Kelvin Klein, assim como Vila-Matas, faz antropofagia por meio da amizade. “Amigos” é o título da primeira sessão das entrevistas: “Eu deixo o outro viver em meu texto para que ele se transforme, efetivamente, em uma parte de mim, sem que perca, com isso, suas feições”. Aqui, Kelvin é Vila-Matas. E não é também. Ser amigo é ceder lugar ao outro em si. É fazer de si o outro e vice-versa. Para Agamben, no texto “O amigo”, o termo “amigo” pertence “àquela classe de termos que os lingüistas definem como não-predicativos, isto é, termos a partir dos quais não é possível construir uma classe de objetos na qual inscrever os entes a que se atribui o predicado em questão”. Se a amizade não é uma propriedade ou uma qualidade de um sujeito, isso se dá por que ela é a instância de um “com-sentimento da existência do amigo no sentimento da existência própria”. A amizade, por si, já seria a denominação dessa política da “condivisão”. Não se trata, como sugere Agamben de afirmar uma intersubjetividade, mas de aceitar o amigo como “um outro si”. Essa amizade se materializa no livro a partir do ready-made, assimilado pelo autor por meio principalmente das leituras de Vila-Matas, em Vila-Matas. E é aqui que as fronteiras se tornam mais rarefeitas ainda. Isso por que, se a escrita de Vila-Matas produz leituras de leituras, o livro de Kelvin exercita amorosamente a leitura de uma leitura de uma outra leitura. Ou como ele mesmo diz, o livro é um “longo inventário das evidências da sedução ativa de uma série de textos sobre o leitor”.

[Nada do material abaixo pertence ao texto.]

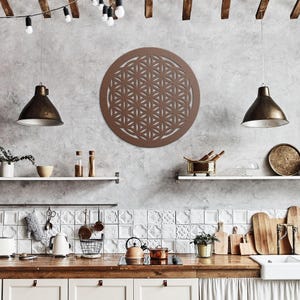 May include: A circular brown wall art piece featuring a geometric flower of life pattern with intersecting circles. The wall decor is mounted on a gray textured wall above a kitchen counter with various kitchenware items and hanging pendant lights.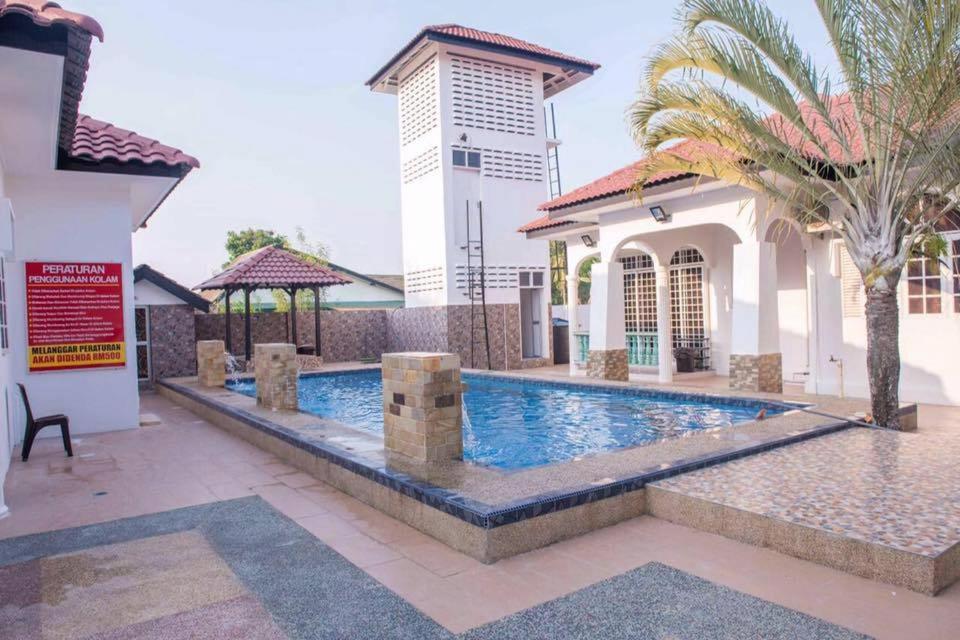 a swimming pool in front of a house at Wan Danisha Villa Inn in Kota Bharu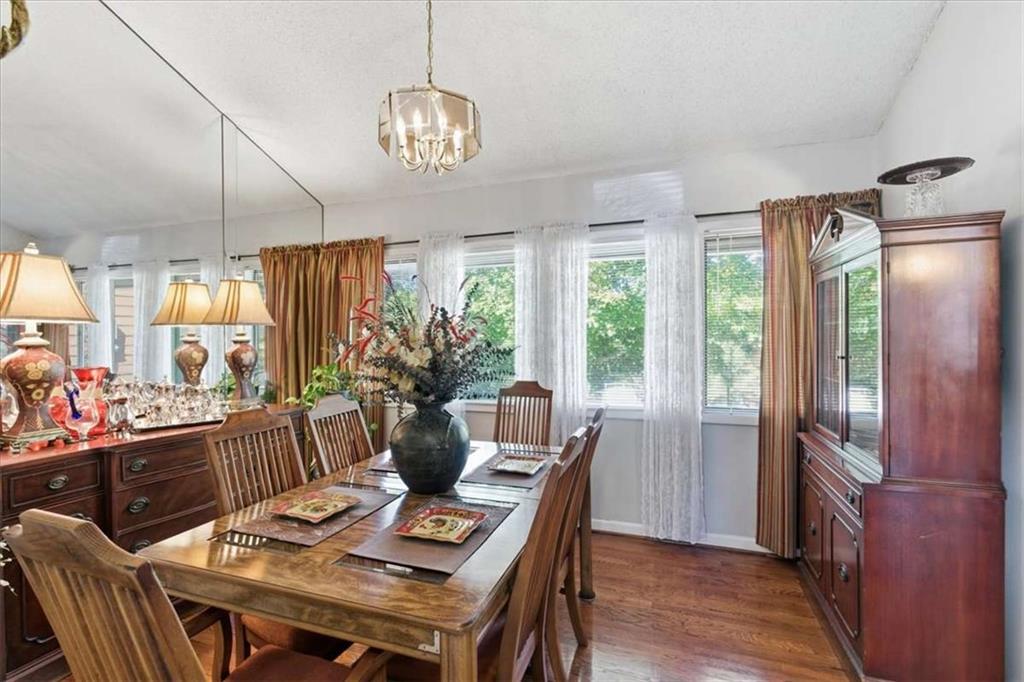 1509 High Point Road Bowdon, GA 30108 - Photo 14 of 47 a dining room with furniture a chandelier and wooden floor
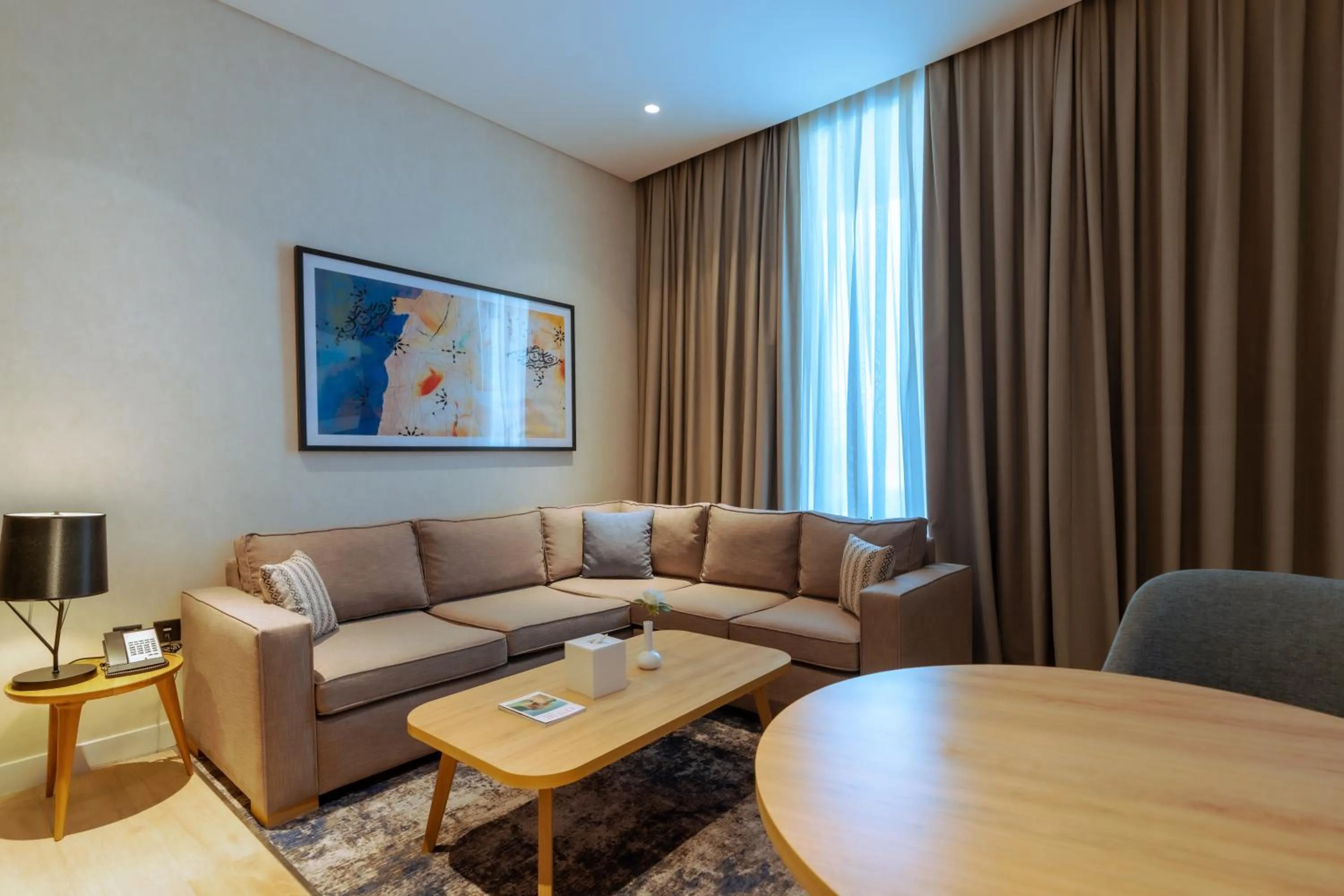 Living room in West Walk Retaj Hotel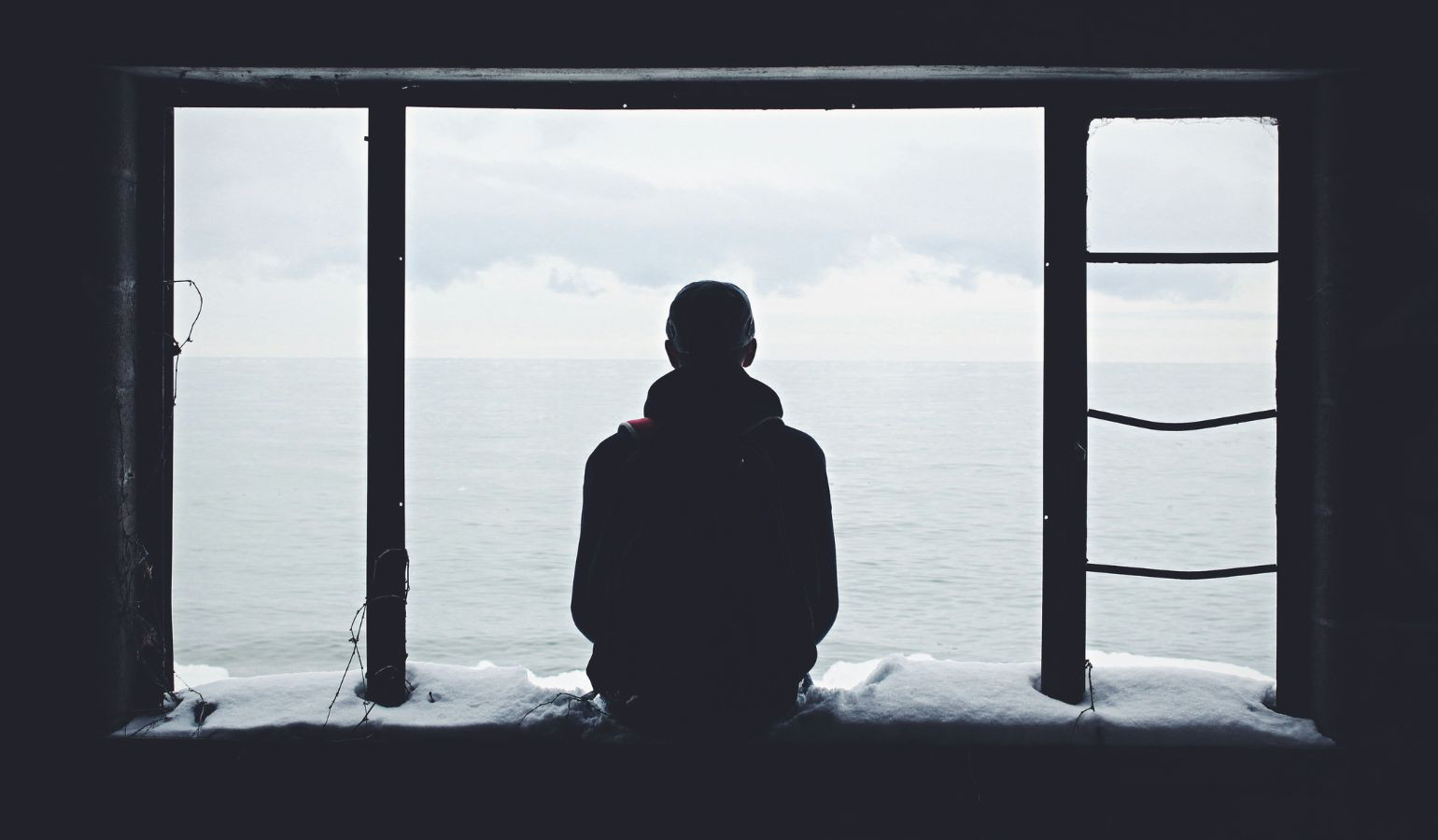 Silhouette of a young man sitting on a window looking out to the ocean on a cloudy day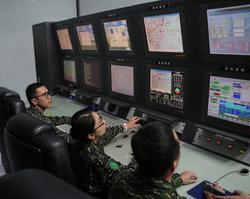Navy personnel learning how to operate a drone. (Courtesy of the Military News Agency.)
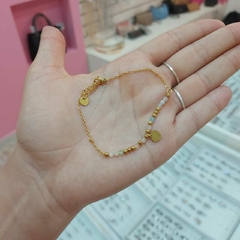Pulsera con Pelotitas y Corazón. - comprar online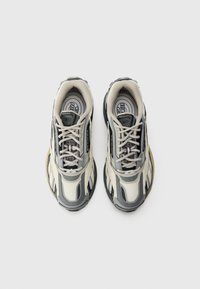 Sapatilhas cinza claro e pretas com um material texturizado. Apresentam uma biqueira arredondada, fecho de atacadores e uma palmilha com padrão. Sola em borracha.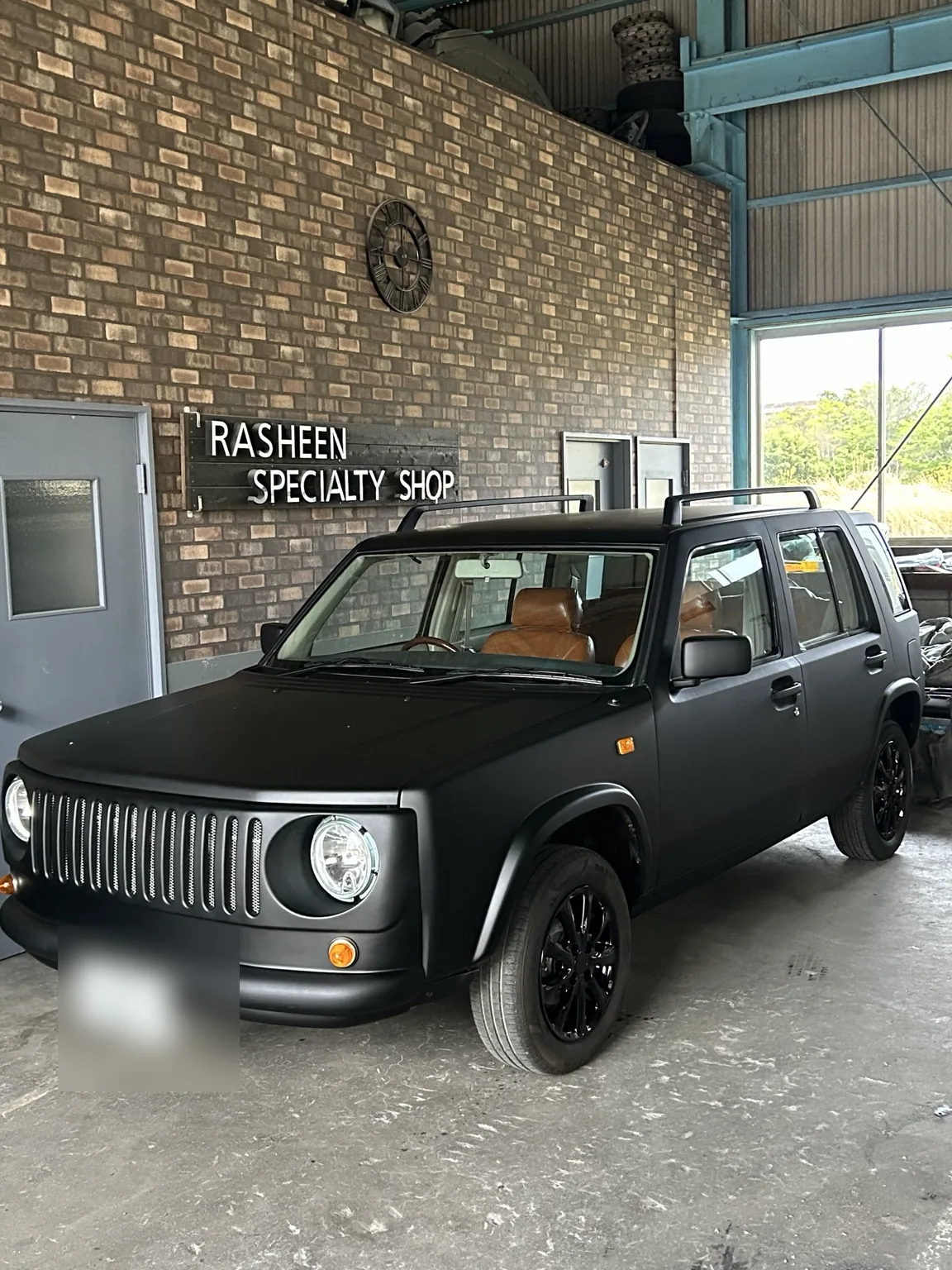 Matte black custom Nissan Rasheen inside Rasheenkan Japan workshop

Voltemos ao ensaio de Foucault. Para ele, depois que novos modos da ficção foram admitidos na obra literária, “linguagem neutra falando sozinha e sem lugar, em um murmúrio ininterrupto, palavras estranhas irrompendo do exterior, marchetaria de discurso, cada um tendo um modo diferente), torna-se novamente possível ler, de acordo com sua arquitetura própria, textos que, povoados de discursos parasitas, teriam sido por isso mesmo expulsos da literatura”. É o que essas Conversas Apócrifas afirmam: a possibilidade de continuar lendo.
(Perdoem-me por este texto meio parasita)
Obs: Esse meu texto é intitulado Jogo de Cena numa franca alusão a um dos curiosos trabalhos de Eduardo Coutinho. Quem se atreve a enxergar em seu filme os discursos parasitas de Kelvin? Ou vice-versa?